--- STUDY MATERIAL ---

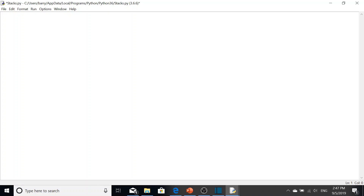As you know, stacks and queues are considered adapter classes, which means there's an underlying data structure beneath them. In our case we're using lists, so we're going to define our list here as a blank list.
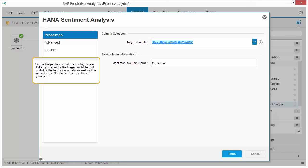On the Properties tab of the Configuration dialog, you specify the target variable that contains the text for analysis, as well as the name for the sentiment column to be generated.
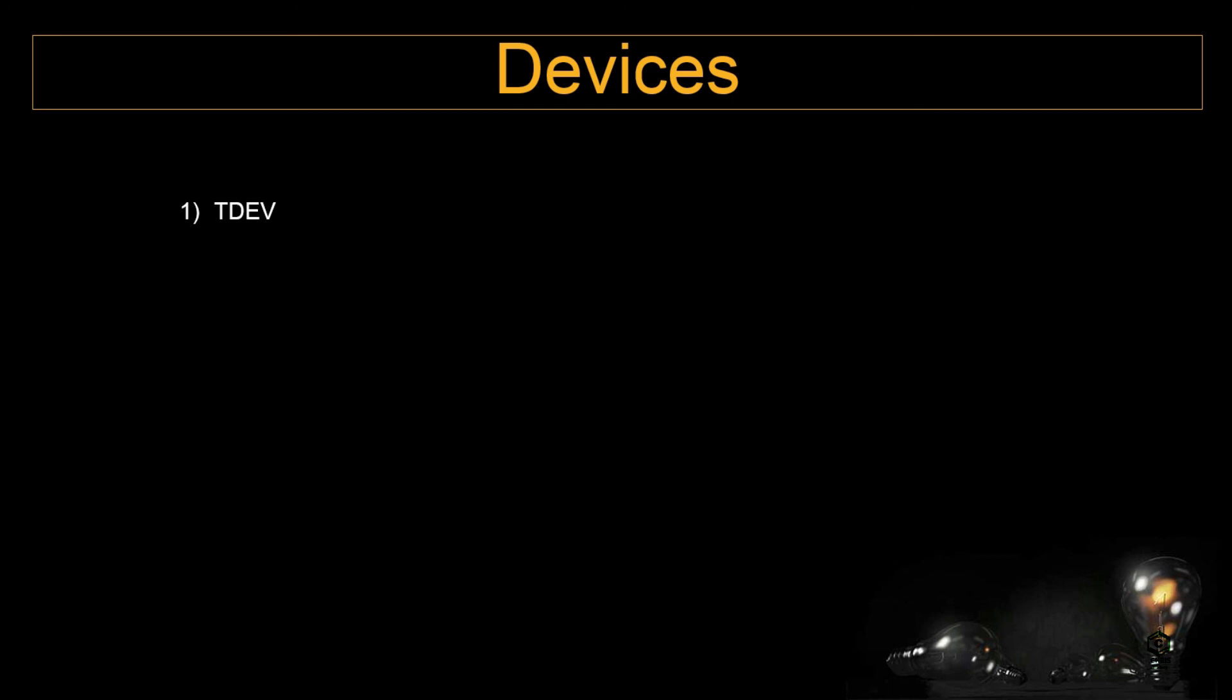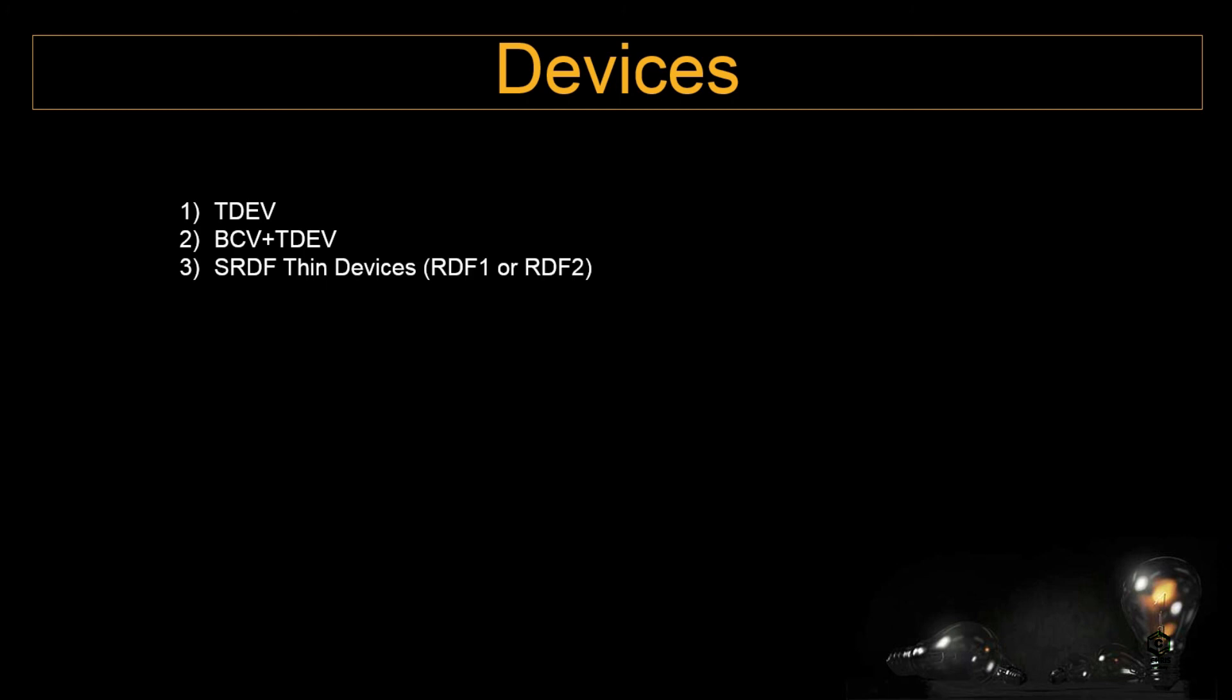In VMAX3 we don't have such concept or such vault devices because all the vaulting will be going to happen on the slot level as we had discussed in the hardware differences video. Apart from that we have BCV plus TDEV, SRD of thin devices, and the TDATs. We had discussed about the TDATs because it will be pre-configured and created during the bin file creation. This SRD of thin devices are default dynamic ODF capable.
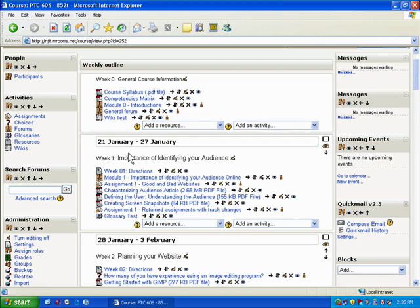So, with that said, this is the general layout for Moodle. This is the way that it looks. If editing is on, what you can do is move a block down, move a block up.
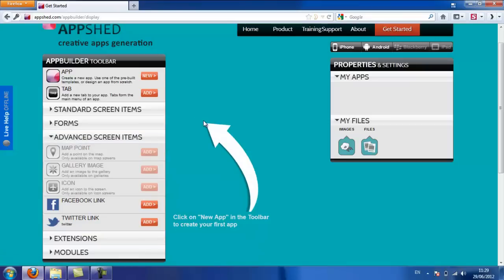In the middle is your simulator. So when we create your first app, you'll see the actual app appearing there, and you can navigate around and use it in the online simulator.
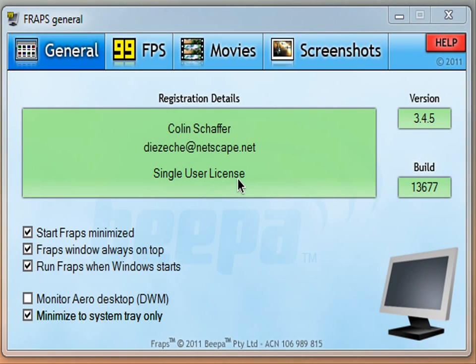Hey, this is RandomAntesR10 here, and today I'm going to be discussing the best settings for Fraps for gaming.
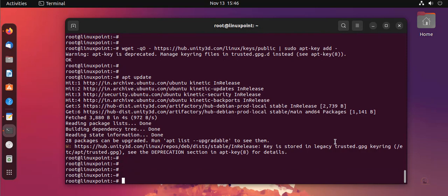After update completion, I'm going to install Unity Hub using the following command.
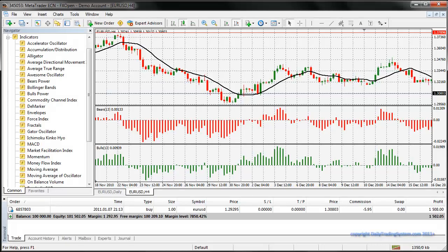Hey there again. This is video number 24, but for module 2 it's going to be video number 8. In this video we're going to talk about the Bollinger Bands. Let's take you back to the trading station.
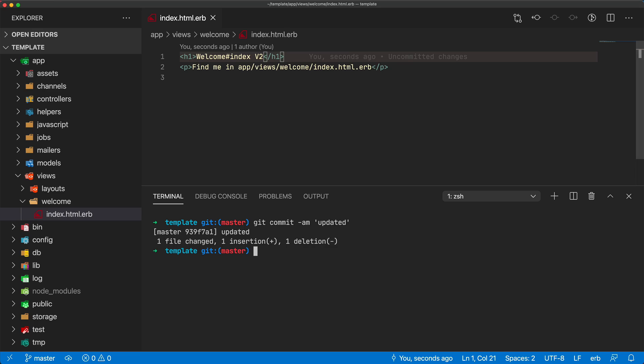What I've created is a bin/deploy function. I can then specify my environment - this could be production, staging, or whatever kind of environment you may have.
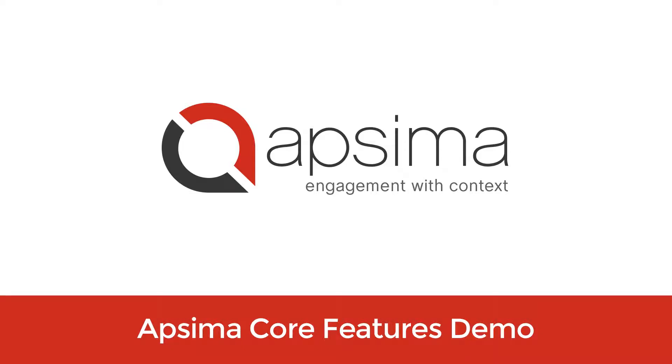Hello everyone. Welcome to APSIMA. My name is Ashley and today I'll be showing you a live demonstration of an application that showcases some of APSIMA's core features utilizing proximity beacons.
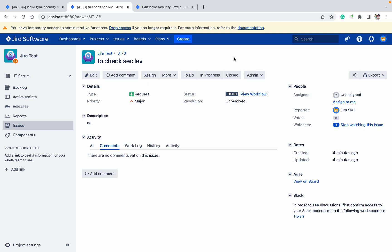Issue security scheme - there are different types of security available in Jira. That's why Jira is very secure and used by multiple companies.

---

▸ PROMPT:
Nothing but an exact transcription of the material, without pictures, should be returned.

▸ EXERCISE OUTPUT:
As you know, stacks and queues are considered adapter classes, which means there's an underlying data structure beneath them. In our case we're using lists, so we're going to define our list here as a blank list.
On the Properties tab of the Configuration dialog, you specify the target variable that contains the text for analysis, as well as the name for the sentiment column to be generated.
In VMAX3 we don't have such concept or such vault devices because all the vaulting will be going to happen on the slot level as we had discussed in the hardware differences video. Apart from that we have BCV plus TDEV, SRD of thin devices, and the TDATs. We had discussed about the TDATs because it will be pre-configured and created during the bin file creation. This SRD of thin devices are default dynamic ODF capable.
So, with that said, this is the general layout for Moodle. This is the way that it looks. If editing is on, what you can do is move a block down, move a block up.
In the middle is your simulator. So when we create your first app, you'll see the actual app appearing there, and you can navigate around and use it in the online simulator.
Hey, this is RandomAntesR10 here, and today I'm going to be discussing the best settings for Fraps for gaming.
After update completion, I'm going to install Unity Hub using the following command.
Hey there again. This is video number 24, but for module 2 it's going to be video number 8. In this video we're going to talk about the Bollinger Bands. Let's take you back to the trading station.
What I've created is a bin/deploy function. I can then specify my environment - this could be production, staging, or whatever kind of environment you may have.
Hello everyone. Welcome to APSIMA. My name is Ashley and today I'll be showing you a live demonstration of an application that showcases some of APSIMA's core features utilizing proximity beacons.
Issue security scheme - there are different types of security available in Jira. That's why Jira is very secure and used by multiple companies.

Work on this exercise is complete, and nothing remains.